We will now move to the case where \(X\) is a matrix instead of just a scalar. Let us consider the following matrix: \[ \Phi = \begin{bmatrix} \Phi_{11}&\Phi_{12} \\ \Phi_{21}&\Phi_{22} \end{bmatrix} \in \mathbb R^{2n\times 2n}, \] where each \(\Phi_{ij}\in \mathbb R^{n\times n}\). Define the following operator

\begin{align} \label{eq:homographic} F(\Phi,X) \triangleq (\Phi_{11}X+\Phi_{12})(\Phi_{21}X+\Phi_{22})^{-1}. \end{align}

Similarly for any \(\Phi_1,\,\Phi_2 \in \mathbb R^{2n\times 2n}\), we have

\begin{align} \label{eq:homographiccomposition} F(\Phi_1,F(\Phi_2,X)) = F(\Phi_1\Phi_2,X). \end{align}

We now establish the link between linear fractional transformations and Riccati equations. We will assume that \(A\) is invertible. We know that

\begin{align} \label{eq:riccatidecompose1} AXA' &= F\left(\begin{bmatrix} A & 0\\ 0 & (A')^{-1} \end{bmatrix}, X\right),\\ \label{eq:riccatidecompose2} (X + Q)^{-1} &= F\left(\begin{bmatrix} 0 & I\\ I & Q \end{bmatrix}, X\right),\\ \label{eq:riccatidecompose3} (X + C'R^{-1}C)^{-1} &= F\left(\begin{bmatrix} 0 & I\\ I & C'R^{-1}C \end{bmatrix}, X\right). \end{align}

As a result, using \eqref{eq:homographiccomposition}, we have

\begin{align} \label{eq:riccatihomo} g(X) = F(\Phi_g,X), \end{align}

where

\begin{align} \label{eq:Phimatrixg} \Phi_g \triangleq \begin{bmatrix} A&Q(A')^{-1} \\ C^TR^{-1}CA&(I+C^TR^{-1}CQ)(A')^{-1} \end{bmatrix}. \end{align}

Hence, \(g^{(n)}(X) = F(\Phi_g^n,X)\).

Contraction Property of Riccati Equation

We will simply state several key theorems in this paper.

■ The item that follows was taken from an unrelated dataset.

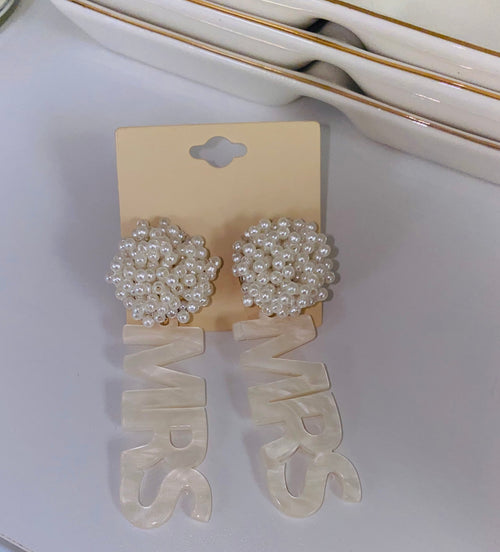 A pair of pearl dangling earrings with "mrs" on each of them.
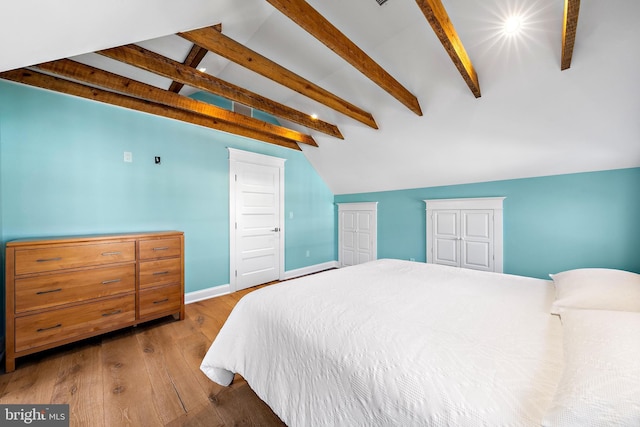 bedroom with light wood-style floors, lofted ceiling with beams, and baseboards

Consider the following function \(\delta: \mathbb S_n^{++}\times \mathbb S_n^{++}\rightarrow \mathbb R\) defined as

\begin{align} \label{eq:metric} \delta(X,Y) = \sqrt{\sum_{i=1}^n \left(\log \lambda_i\right)^2}, \end{align}

where \(\lambda_1,\dots,\lambda_n\) are the eigenvalues of \(XY^{-1}\). One can prove that it is a metric on the space of \(\mathbb S_n^{++}\). The main property of this metric is that it is invariant under conjugacy and inversion, i.e.,

\begin{align} \label{eq:invariance} \delta(X^{-1},Y^{-1}) =\delta(X,Y) = \delta (AXA',AYA'). \end{align}

Moreover, if a positive semi-definite matrix \(P \geq 0\) and the smallest eigenvalue of \(P\) is \(\beta\), then

\begin{align} \label{eq:contraction} \delta(X+P,Y+P)\leq \frac{\alpha}{\alpha+\beta}\delta(X,Y) \leq \delta(X,Y). \end{align}

where \(\alpha\) is the largest eigenvalue of \(X\) and \(Y\).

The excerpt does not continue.